_What the task requires:_ Among the records that follow, find the line with "قالب سفارش و" and the line with "Passenger On The". Set down those lines and all lines between them exactly, without adding anything.

_Data for this exercise:_
= = = =

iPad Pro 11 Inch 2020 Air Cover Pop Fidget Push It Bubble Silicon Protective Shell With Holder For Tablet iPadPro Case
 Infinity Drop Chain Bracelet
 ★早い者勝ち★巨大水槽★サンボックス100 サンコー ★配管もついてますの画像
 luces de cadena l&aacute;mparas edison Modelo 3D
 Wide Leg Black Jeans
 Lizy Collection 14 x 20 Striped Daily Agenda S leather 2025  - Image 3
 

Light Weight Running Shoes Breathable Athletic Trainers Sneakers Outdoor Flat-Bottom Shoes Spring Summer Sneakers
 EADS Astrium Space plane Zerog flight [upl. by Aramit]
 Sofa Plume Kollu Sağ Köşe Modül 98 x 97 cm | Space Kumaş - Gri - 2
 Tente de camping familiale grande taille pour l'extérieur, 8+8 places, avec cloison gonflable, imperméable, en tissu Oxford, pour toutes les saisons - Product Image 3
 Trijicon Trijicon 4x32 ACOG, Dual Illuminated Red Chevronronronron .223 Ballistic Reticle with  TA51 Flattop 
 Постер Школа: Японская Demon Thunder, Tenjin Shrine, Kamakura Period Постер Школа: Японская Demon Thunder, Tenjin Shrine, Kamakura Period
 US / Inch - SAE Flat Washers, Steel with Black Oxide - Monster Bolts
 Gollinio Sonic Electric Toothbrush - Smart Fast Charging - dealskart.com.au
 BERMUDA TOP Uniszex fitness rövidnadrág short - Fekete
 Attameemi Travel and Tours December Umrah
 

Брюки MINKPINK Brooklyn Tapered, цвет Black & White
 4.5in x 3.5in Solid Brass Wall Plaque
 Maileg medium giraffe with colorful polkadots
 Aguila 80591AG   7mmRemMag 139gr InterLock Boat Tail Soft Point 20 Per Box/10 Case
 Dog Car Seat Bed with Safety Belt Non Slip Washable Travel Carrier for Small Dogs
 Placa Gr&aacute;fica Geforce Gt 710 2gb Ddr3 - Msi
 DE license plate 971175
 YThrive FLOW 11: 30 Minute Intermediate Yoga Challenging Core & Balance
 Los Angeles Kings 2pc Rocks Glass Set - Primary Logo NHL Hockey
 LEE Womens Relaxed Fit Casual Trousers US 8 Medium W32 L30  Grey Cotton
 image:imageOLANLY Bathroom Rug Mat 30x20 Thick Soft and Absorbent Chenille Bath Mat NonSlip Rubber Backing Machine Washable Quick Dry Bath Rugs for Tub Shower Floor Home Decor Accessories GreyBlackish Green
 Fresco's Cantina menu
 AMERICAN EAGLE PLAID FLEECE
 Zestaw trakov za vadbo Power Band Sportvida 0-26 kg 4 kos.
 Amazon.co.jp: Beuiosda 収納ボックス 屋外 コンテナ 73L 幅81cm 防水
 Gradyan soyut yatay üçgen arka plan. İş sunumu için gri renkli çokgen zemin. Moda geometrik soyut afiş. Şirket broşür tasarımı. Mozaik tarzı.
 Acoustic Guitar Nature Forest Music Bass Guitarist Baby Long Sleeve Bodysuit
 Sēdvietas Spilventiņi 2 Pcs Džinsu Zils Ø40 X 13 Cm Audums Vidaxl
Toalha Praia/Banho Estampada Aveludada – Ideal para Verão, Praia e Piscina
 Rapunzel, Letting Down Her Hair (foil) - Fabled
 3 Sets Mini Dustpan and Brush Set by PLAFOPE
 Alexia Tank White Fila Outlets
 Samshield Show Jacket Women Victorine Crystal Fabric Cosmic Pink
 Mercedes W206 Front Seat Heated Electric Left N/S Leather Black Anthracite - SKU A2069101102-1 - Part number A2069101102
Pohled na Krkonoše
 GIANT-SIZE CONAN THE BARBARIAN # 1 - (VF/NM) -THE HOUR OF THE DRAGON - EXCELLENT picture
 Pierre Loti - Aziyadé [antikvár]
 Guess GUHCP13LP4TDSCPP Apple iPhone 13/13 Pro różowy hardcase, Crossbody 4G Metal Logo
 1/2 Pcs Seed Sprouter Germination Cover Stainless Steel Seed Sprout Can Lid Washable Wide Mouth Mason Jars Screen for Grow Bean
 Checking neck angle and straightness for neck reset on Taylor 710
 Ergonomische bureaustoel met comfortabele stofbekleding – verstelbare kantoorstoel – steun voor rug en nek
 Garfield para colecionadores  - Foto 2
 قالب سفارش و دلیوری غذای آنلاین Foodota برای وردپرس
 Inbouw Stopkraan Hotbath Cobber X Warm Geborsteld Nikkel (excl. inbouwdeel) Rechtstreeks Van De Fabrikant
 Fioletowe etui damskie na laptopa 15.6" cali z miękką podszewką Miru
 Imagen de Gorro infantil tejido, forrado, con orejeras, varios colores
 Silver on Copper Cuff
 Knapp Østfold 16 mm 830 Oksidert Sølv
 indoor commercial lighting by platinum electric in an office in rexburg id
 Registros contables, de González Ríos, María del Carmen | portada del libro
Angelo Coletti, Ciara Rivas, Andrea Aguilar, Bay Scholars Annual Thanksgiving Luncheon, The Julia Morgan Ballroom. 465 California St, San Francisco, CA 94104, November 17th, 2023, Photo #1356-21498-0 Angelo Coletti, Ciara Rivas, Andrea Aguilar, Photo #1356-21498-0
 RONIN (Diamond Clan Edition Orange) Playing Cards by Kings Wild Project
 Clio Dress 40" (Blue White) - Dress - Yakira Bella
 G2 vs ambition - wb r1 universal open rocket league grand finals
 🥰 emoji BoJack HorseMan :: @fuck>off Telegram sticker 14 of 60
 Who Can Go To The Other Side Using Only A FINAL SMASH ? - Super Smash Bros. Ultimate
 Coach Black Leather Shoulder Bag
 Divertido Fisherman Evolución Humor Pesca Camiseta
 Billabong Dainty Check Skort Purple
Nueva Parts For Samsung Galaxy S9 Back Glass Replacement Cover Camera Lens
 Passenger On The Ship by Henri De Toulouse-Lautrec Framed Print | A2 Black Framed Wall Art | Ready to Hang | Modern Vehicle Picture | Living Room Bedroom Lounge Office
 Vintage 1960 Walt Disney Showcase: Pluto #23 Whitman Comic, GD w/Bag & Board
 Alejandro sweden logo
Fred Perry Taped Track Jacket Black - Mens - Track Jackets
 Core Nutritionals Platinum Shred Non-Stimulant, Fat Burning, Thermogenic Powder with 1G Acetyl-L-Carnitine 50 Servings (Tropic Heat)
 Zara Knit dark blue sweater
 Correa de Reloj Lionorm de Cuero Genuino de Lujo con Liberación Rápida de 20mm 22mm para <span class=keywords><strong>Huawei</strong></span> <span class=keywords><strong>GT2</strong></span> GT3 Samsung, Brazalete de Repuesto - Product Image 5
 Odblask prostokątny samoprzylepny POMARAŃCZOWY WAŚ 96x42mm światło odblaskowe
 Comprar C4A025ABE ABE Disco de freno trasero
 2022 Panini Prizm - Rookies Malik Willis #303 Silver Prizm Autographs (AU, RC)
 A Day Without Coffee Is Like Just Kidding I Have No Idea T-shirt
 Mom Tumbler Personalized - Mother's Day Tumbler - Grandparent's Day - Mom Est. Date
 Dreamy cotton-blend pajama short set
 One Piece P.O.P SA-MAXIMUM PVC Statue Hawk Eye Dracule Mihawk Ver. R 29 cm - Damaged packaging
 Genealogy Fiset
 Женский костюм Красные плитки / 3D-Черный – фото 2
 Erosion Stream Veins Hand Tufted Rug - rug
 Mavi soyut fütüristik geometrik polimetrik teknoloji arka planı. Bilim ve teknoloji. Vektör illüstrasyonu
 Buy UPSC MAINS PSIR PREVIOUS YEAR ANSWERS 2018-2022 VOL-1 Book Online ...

= = = =

_Result:_
 قالب سفارش و دلیوری غذای آنلاین Foodota برای وردپرس
 Inbouw Stopkraan Hotbath Cobber X Warm Geborsteld Nikkel (excl. inbouwdeel) Rechtstreeks Van De Fabrikant
 Fioletowe etui damskie na laptopa 15.6" cali z miękką podszewką Miru
 Imagen de Gorro infantil tejido, forrado, con orejeras, varios colores
 Silver on Copper Cuff
 Knapp Østfold 16 mm 830 Oksidert Sølv
 indoor commercial lighting by platinum electric in an office in rexburg id
 Registros contables, de González Ríos, María del Carmen | portada del libro
Angelo Coletti, Ciara Rivas, Andrea Aguilar, Bay Scholars Annual Thanksgiving Luncheon, The Julia Morgan Ballroom. 465 California St, San Francisco, CA 94104, November 17th, 2023, Photo #1356-21498-0 Angelo Coletti, Ciara Rivas, Andrea Aguilar, Photo #1356-21498-0
 RONIN (Diamond Clan Edition Orange) Playing Cards by Kings Wild Project
 Clio Dress 40" (Blue White) - Dress - Yakira Bella
 G2 vs ambition - wb r1 universal open rocket league grand finals
 🥰 emoji BoJack HorseMan :: @fuck>off Telegram sticker 14 of 60
 Who Can Go To The Other Side Using Only A FINAL SMASH ? - Super Smash Bros. Ultimate
 Coach Black Leather Shoulder Bag
 Divertido Fisherman Evolución Humor Pesca Camiseta
 Billabong Dainty Check Skort Purple
Nueva Parts For Samsung Galaxy S9 Back Glass Replacement Cover Camera Lens
 Passenger On The Ship by Henri De Toulouse-Lautrec Framed Print | A2 Black Framed Wall Art | Ready to Hang | Modern Vehicle Picture | Living Room Bedroom Lounge Office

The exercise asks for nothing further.